# My ears hurt!



## Purley (May 21, 2010)

Well, seeing you posted here I will comment here. 

I have exactly the same problem with my Mini. She barks at everything and nothing. Its really quite annoying. However, she will actually come in now when she is barking. Previously, when she was younger that is - she just ignored us and went on barking.

However, I really would like to stop her. She just gets shut in the house and if I could explain to her that if she didn't bark, she could come outside like the rest of us -- then I would do it.

Yesterday, I was in the middle of watching something on TV. She had been outside barking so I made her come in. Then she started inside - bark, bark, bark . . . I was too lazy to stop watching the show I was just finishing. In the end my husband came in the house and she raced into the bedroom, barking like crazy. He kept saying "Its just me - its just me" but in the end she crawled under the bed to get away from him. 

I have NO idea what that was all about. OK it was dark - but he was talking to her!!

I have had offers of shock collars that my friend used on a Shih-tzu and a Coton - both small dogs - and I would try that as a last resort but I have heard mixed reviews about them. I suppose I could borrow my friend's and see if it worked.

The barking drives us crazy and it results in Lucy being shut in the house when we are outside.
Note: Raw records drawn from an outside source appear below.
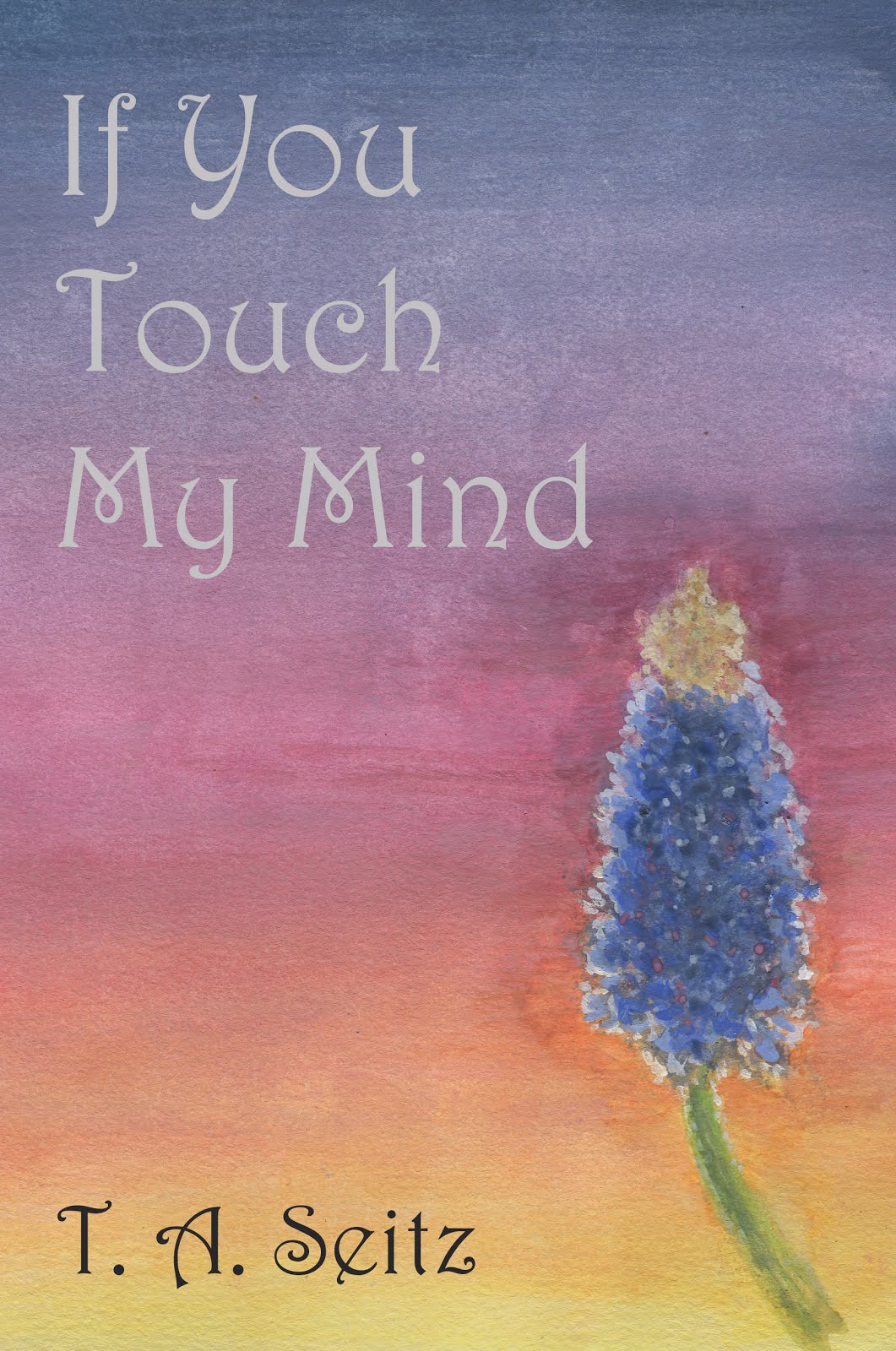 If You Touch My Mind (2015)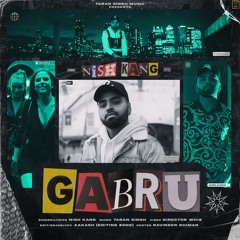 GABRU (OFFICIAL AUDIO) NISH KANG | THE GENIUS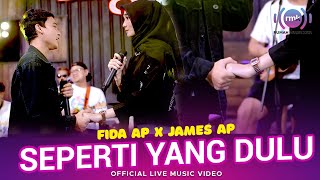 Fida AP X James AP - Seperti Yang Dulu (Official Music Video) Live Version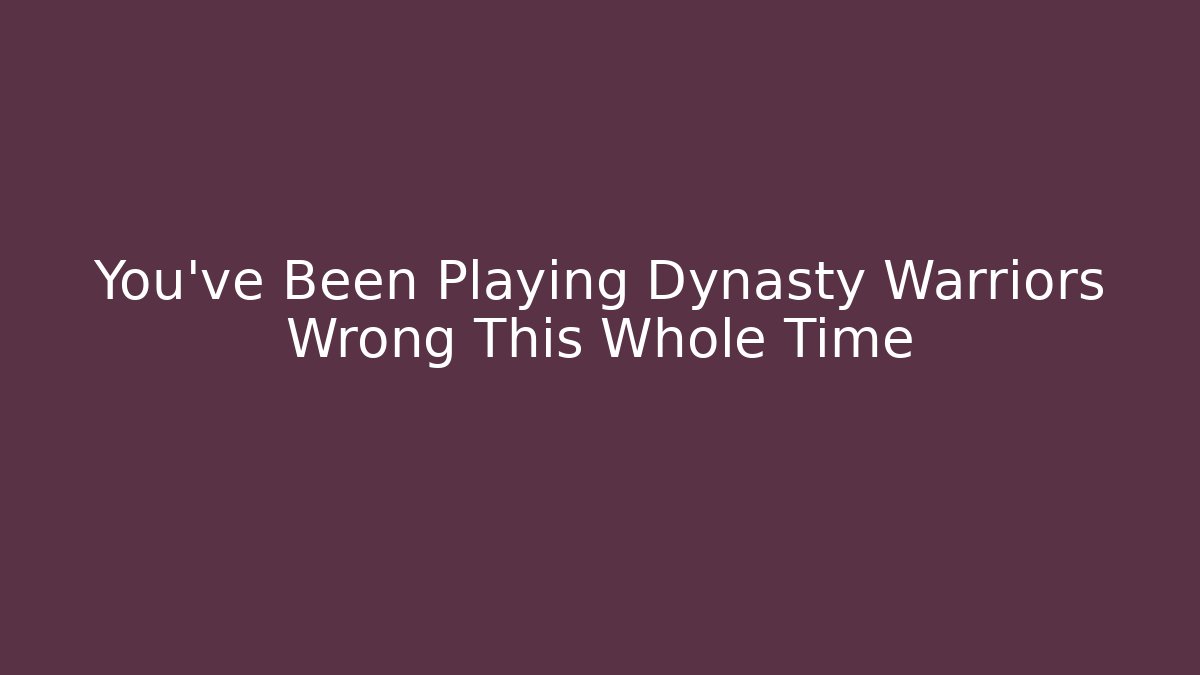 You’ve Been Playing Dynasty Warriors Wrong This Whole Time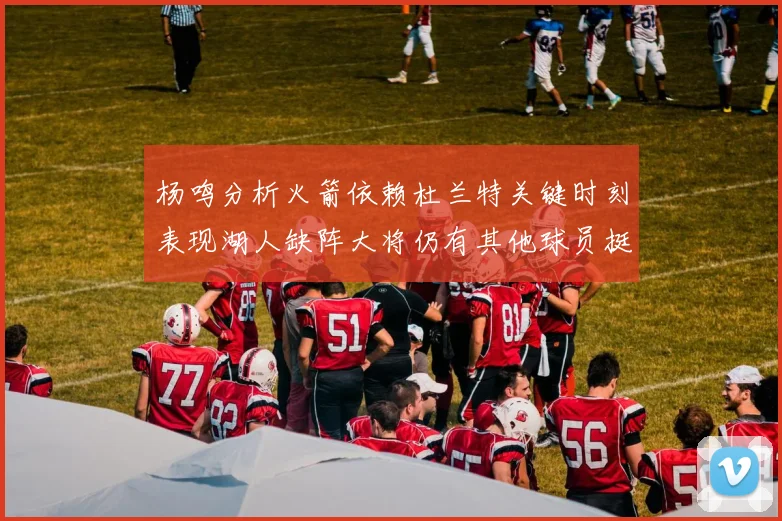 杨鸣分析火箭依赖杜兰特关键时刻表现湖人缺阵大将仍有其他球员挺身而出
And she still barks inside!

I hope someone has a suggestion.


----------



## EmilyK (Mar 26, 2011)

I am no expert but I'll pass along the techniques that the personal dog trainer we hired told us because of our spoo barking at our cat. In general, she recommends positive training techniques but this is one where she likes a combination of positive and negative. 

#1 - When the dog barks, say "Quiet!" or whatever command you use. If the dog settles down and doesn't bark any more, give a treat and praise. If the dog barks again, use a startle as a punishment. We took a soda can, put 10 pennies in it and taped the top shut. It turns out we can't use this for barking since it also startles the cat, but it has been quite effective at getting him to "leave it" when we're eating dinner!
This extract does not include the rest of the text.